Research on prosocial behavior supports the underlying intuition. Studies from the Greater Good Science Center at UC Berkeley have found that performing acts of kindness increases wellbeing for both the giver and the recipient, and that witnessing generosity increases the likelihood that observers will act generously themselves — a phenomenon sometimes called “elevation.”

Lasting impact

Good Deeds Day helped establish a model that dozens of similar initiatives have since followed: a designated, collective, visible day of service that frames volunteering as a communal norm rather than an individual duty. The United Nations International Volunteer Day, observed annually on December 5, shares some of this spirit, though it predates Arison’s initiative by decades.

More broadly, the event contributed to a growing body of evidence that large-scale behavior change does not require top-down mandates. It can emerge from invitation, visibility, and social proof. When millions of people in 108 countries volunteer on the same day, the message to everyone watching is simple: this is something humans do.

The official Good Deeds Day organization continues to coordinate the event internationally, providing resources for schools, businesses, and community groups to run their own projects. Its reach into Eastern Europe, sub-Saharan Africa, and Southeast Asia reflects how the concept traveled well beyond its Israeli and Western origins.

Blindspots and limits

One-day volunteering events draw genuine criticism from community organizers and social scientists who point out that sustained, skilled, and locally-led service tends to produce more durable results than high-visibility single-day bursts. There is also a risk that corporate participation, in particular, can function as reputation management rather than genuine community investment.

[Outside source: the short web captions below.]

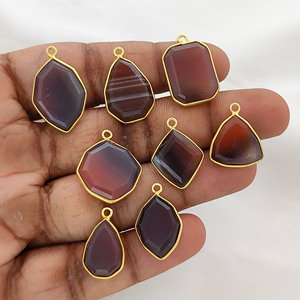 Vente en gros d'agate à bandes pierre précieuse inégale diamant forme lunette pendentif à breloque-pendentif fait main en argent 925 - Product Image 3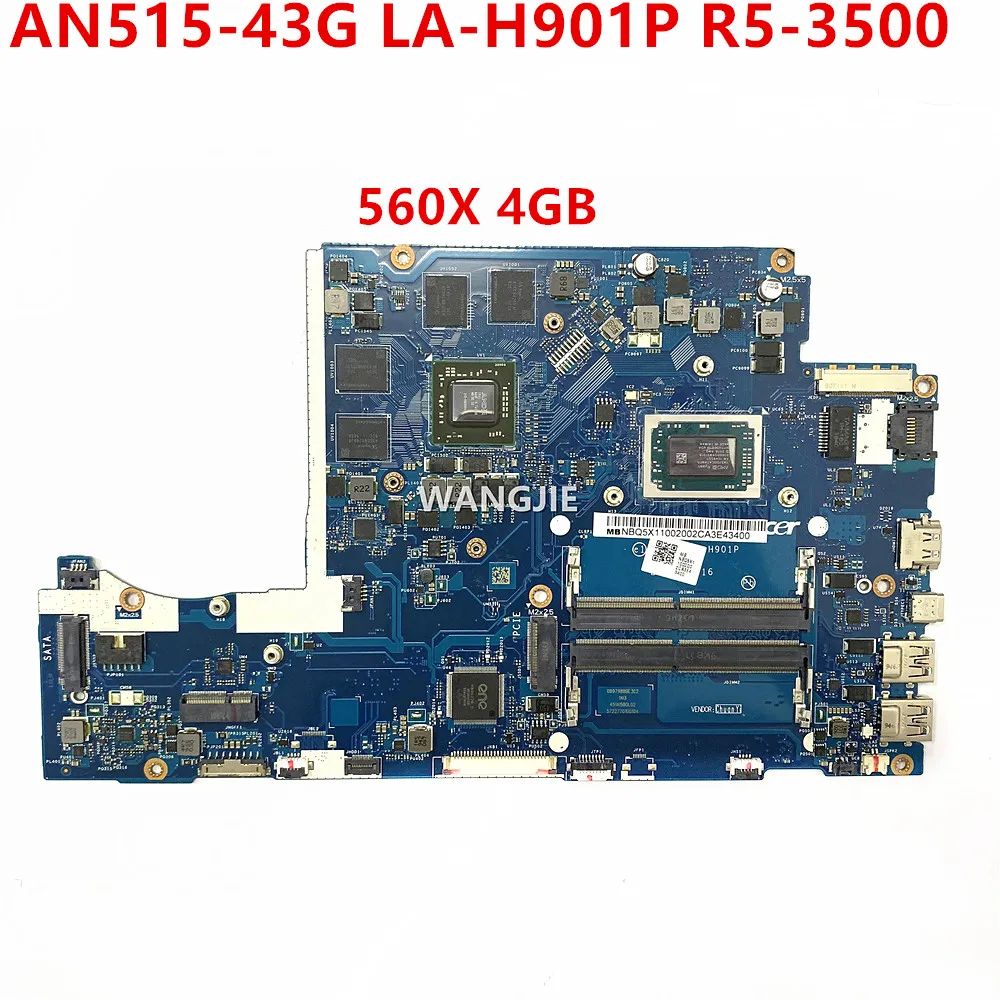 FH50P LA-H901P For Acer AN515-43G Laptop Motherboard NBQ5X11002 R5-3500 CPU 560X 4GB GPU 100% Working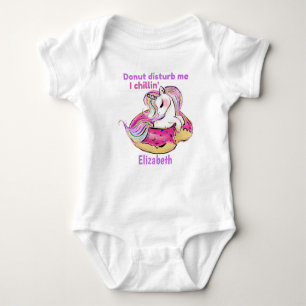 Donut Disturb Me I Chillin Baby Unicorn Gift Baby Bodysuit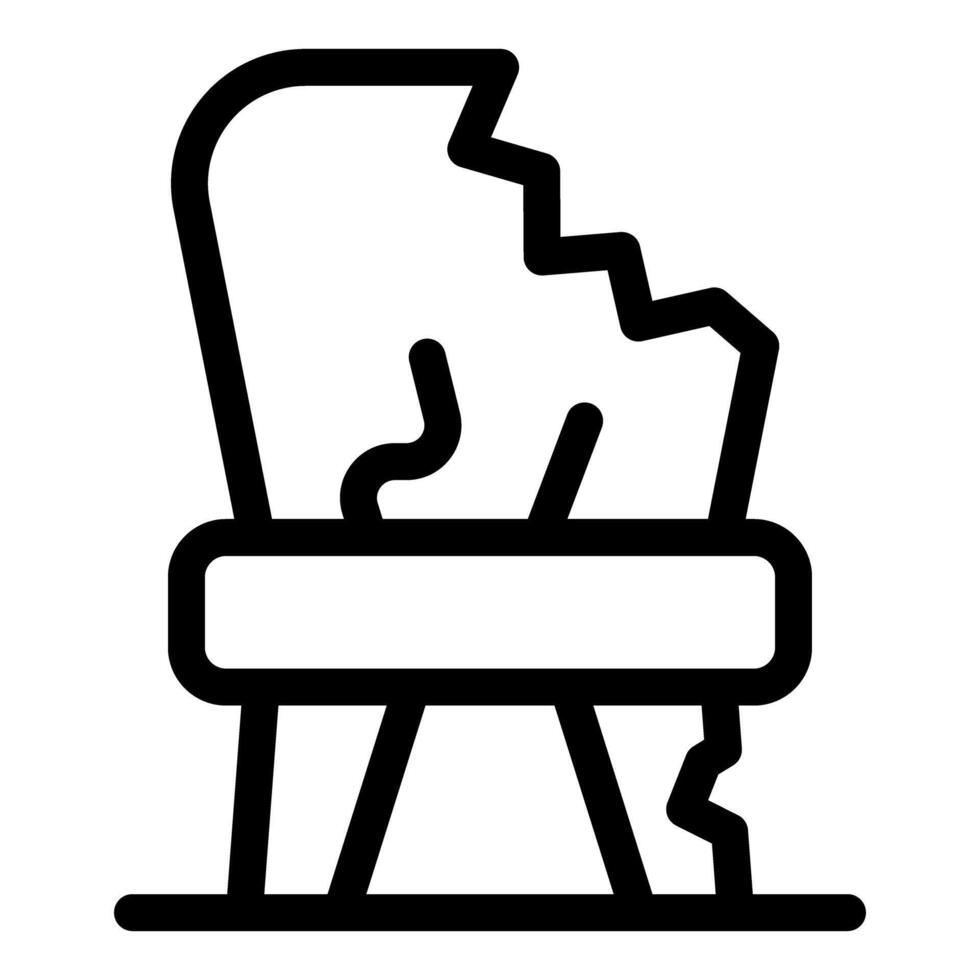 Broken pommel horse representing gymnastics injury concept vector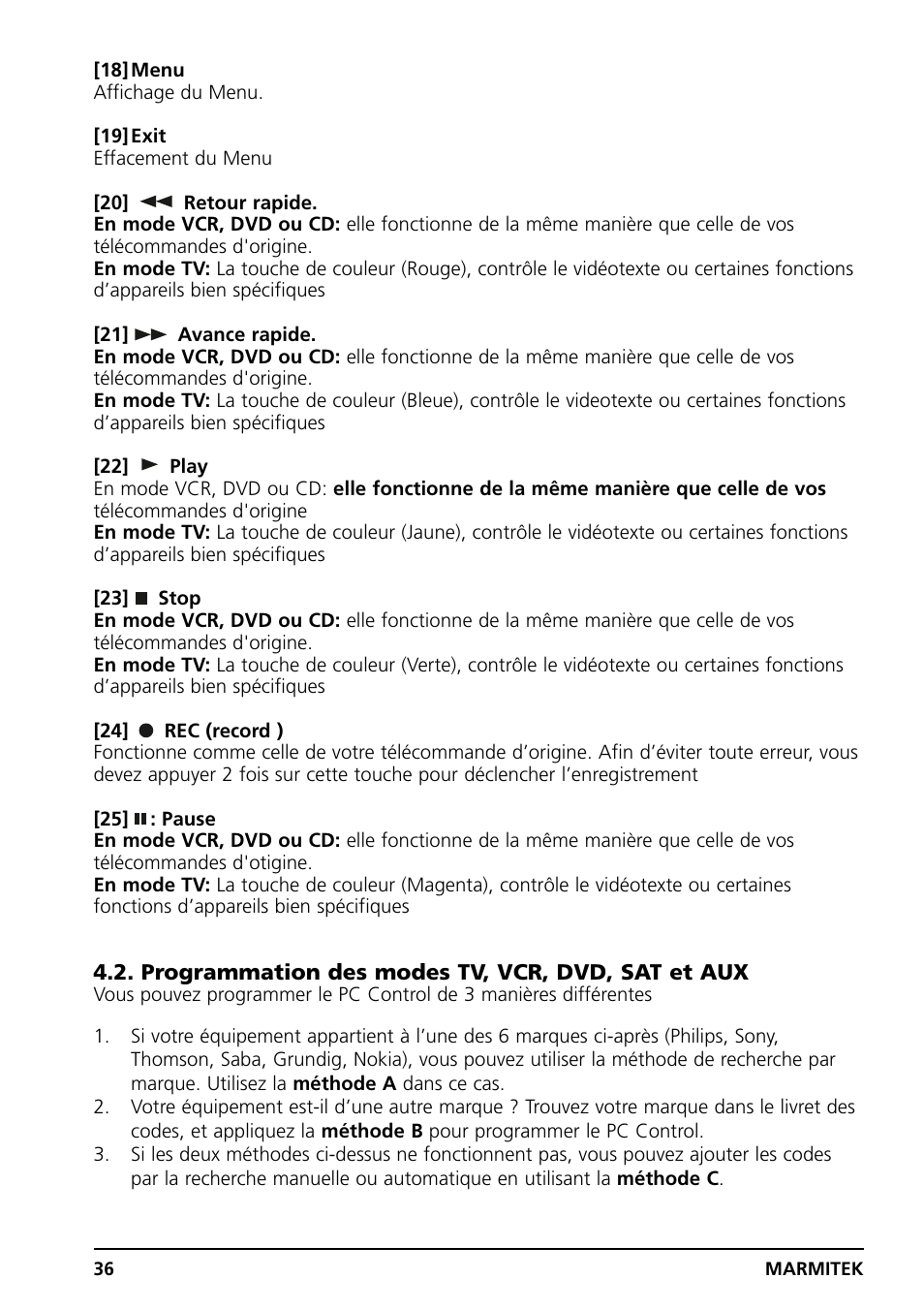 Marmitek PC CONTROL User Manual | Page 36 / 56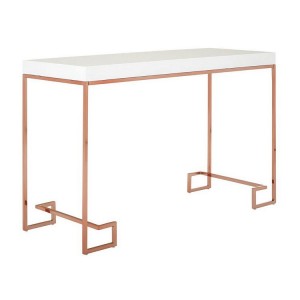 Allure White High Gloss Top and Rose Gold Legs Console Table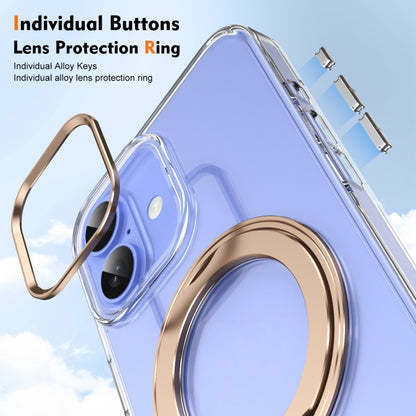For iPhone 16 Ice-Cold Rotating Ring Holder PC MagSafe Phone Case(Desert Gold) - iPhone 16 Cases by buy2fix | Online Shopping UK | buy2fix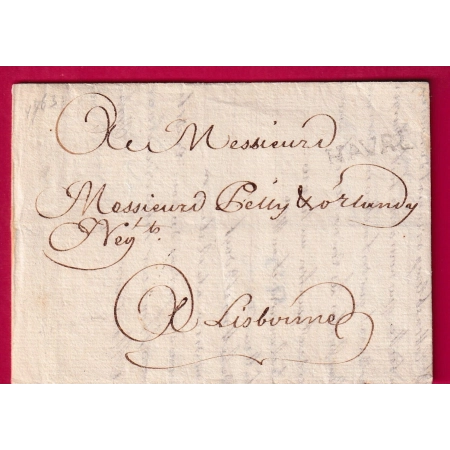 MARQUE LE HAVRE LENAIN N°5 SEINE INFERIEURE POUR LISBONNE PORTUGAL LETTRE COVER FRANCE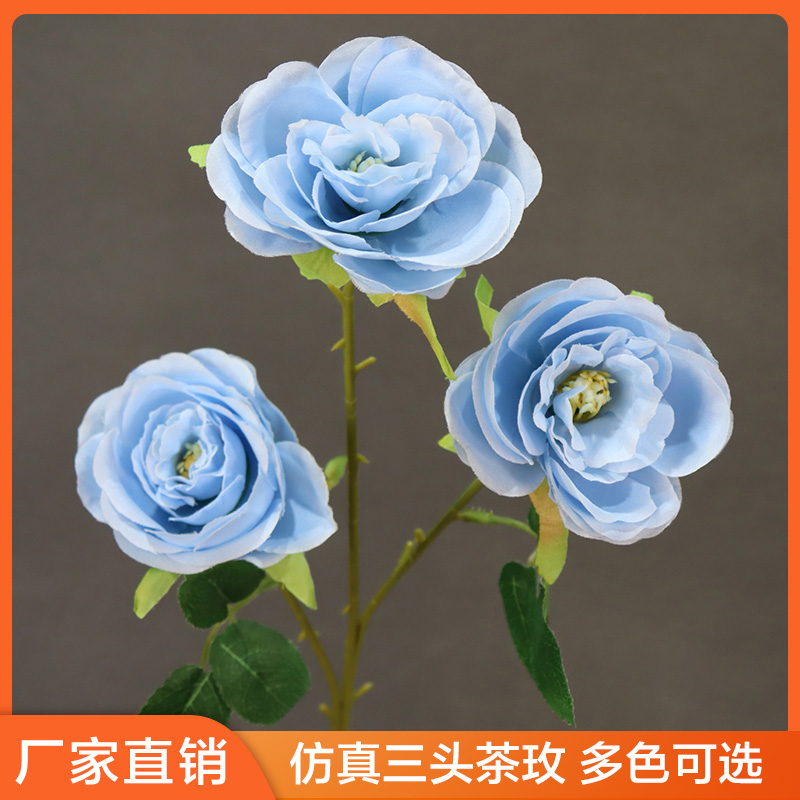 仿真三头茶玫婚礼堂插花装饰绢花仿真花备婚假花摆件插花花艺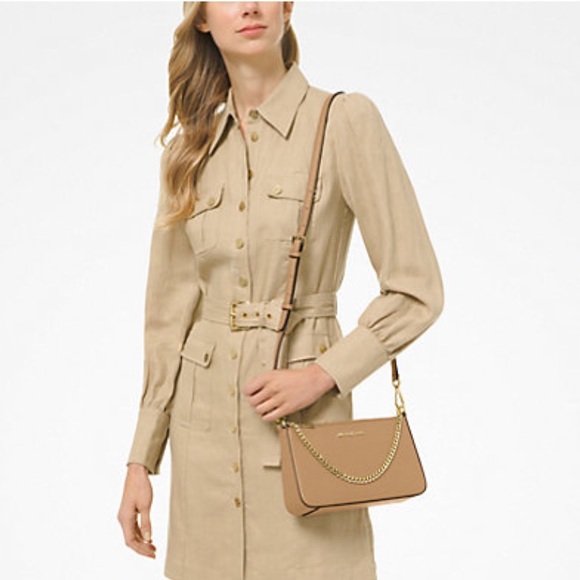 MICHAEL KORS 100% Leather Crossbody Bag, Camel/Gold + Other Colours! - Picture 2 of 6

Good Deeds Day does not resolve those tensions, and its organizers have acknowledged the importance of connecting one-day participants to longer-term commitments. Whether that bridge is consistently built depends largely on local implementation — a variable the central organization cannot fully control.

Still, the impulse behind the event — that goodness is worth making visible, worth celebrating, worth doing together — is not nothing. Research published by the American Psychological Association consistently finds that people who volunteer regularly report higher life satisfaction and stronger social connection. A day that introduces someone to that experience for the first time is not a small thing.